Suppose that the firm with the costs and revenues tabulated in Figure 23-2 is contemplating whether to produce 12 units of output. If it were to produce this many units, what (if anything) would happen to the market price? What would be the firm's marginal revenue for the 12th unit produced? What would be the firm's total revenues per hour?

Describe what factors induce firms to enter or exit a perfectly competitive industry.

Consider a market for online movie rentals. The market supply curve slopes upward, the market demand curve slopes downward, and the equilibrium rental price equals $3.50. Consider each of the following events, and discuss the effects they will have on the market clearing price and on the demand curve faced by the individual online rental firm.

a. Peoples tastes change in favor of going to see more movies at cinemas with their friends and Family members.

b. More online movie-rental firms enter the market.

c. There is a significant increase in the price to consumers of Purchasing movies online.

Why are we unable to conclude that large numbers of entries into and exits from all U.S. industries imply that all the industries are perfectly competitive? (Hint: What are the other characteristics of perfect competition?)

Explain why each of the following examples is not a perfectly competitive industry.

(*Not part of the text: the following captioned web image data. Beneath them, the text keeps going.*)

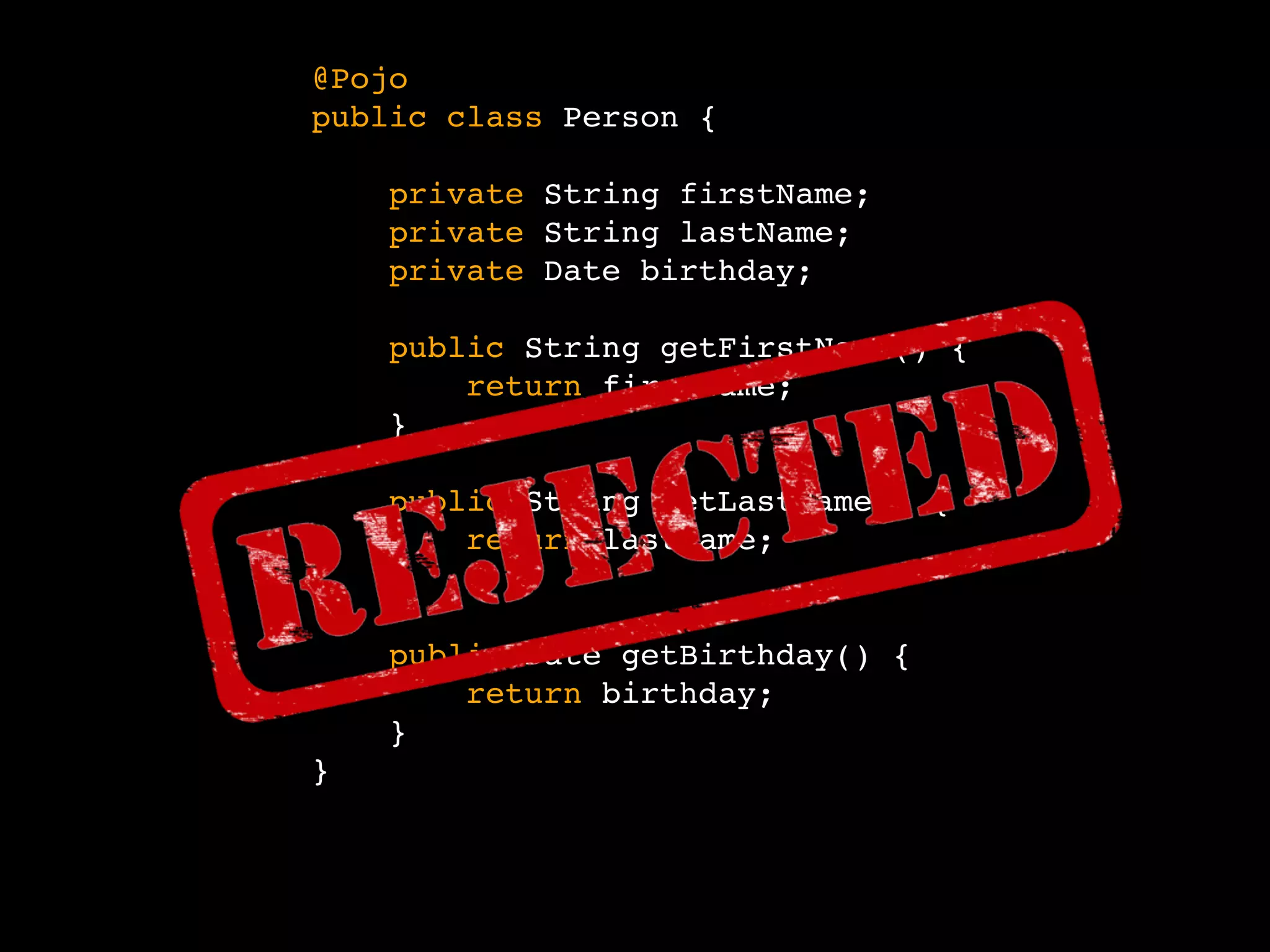 @Pojo
public class Person {
private String firstName;
private String lastName;
private Date birthday;
}
public String getFirstName() {
return firstName;
}
public String getLastName() {
return lastName;
}
public Date getBirthday() {
return birthday;
}
 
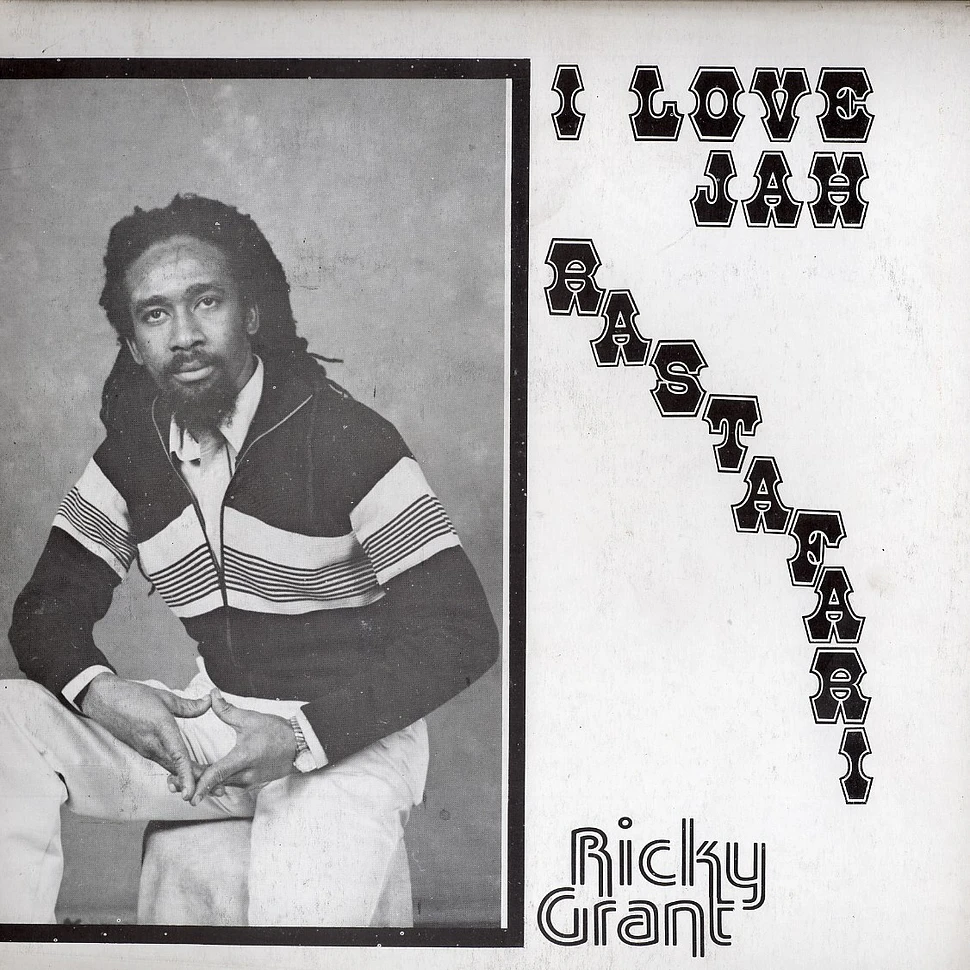 Ricky Grant - I love jah rastafari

a. One firm produces a large portion of the industry's total output, but there are many firms in the industry, and their products are indistinguishable. Firms can easily exit and enter the industry.

b. There are many buyers and sellers in the industry. Consumers have equal information about the prices of firms' products, which differ moderately in quality from firm to firm.

c. Many taxicabs compete in a city. The city's government requires all taxicabs to provide identical services. Taxicabs are nearly identical, and all drivers must wear a designated uniform. The government also enforces a binding limit on the number of taxicab companies that can operate within the city's boundaries.